* _What the task asks_: Write out the lines of the records from the one containing "パリのフレアと87のフランスの猫の名前" to the very last, keeping each exactly as it is.
Top of Records to use
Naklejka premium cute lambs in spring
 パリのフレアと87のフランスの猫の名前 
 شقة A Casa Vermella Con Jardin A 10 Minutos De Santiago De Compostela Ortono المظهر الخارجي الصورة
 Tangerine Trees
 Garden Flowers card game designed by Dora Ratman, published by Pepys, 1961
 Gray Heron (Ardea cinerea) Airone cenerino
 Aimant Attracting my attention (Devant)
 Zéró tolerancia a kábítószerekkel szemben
Bottom of Records to use
* _Answer space_:
 パリのフレアと87のフランスの猫の名前 
 شقة A Casa Vermella Con Jardin A 10 Minutos De Santiago De Compostela Ortono المظهر الخارجي الصورة
 Tangerine Trees
 Garden Flowers card game designed by Dora Ratman, published by Pepys, 1961
 Gray Heron (Ardea cinerea) Airone cenerino
 Aimant Attracting my attention (Devant)
 Zéró tolerancia a kábítószerekkel szemben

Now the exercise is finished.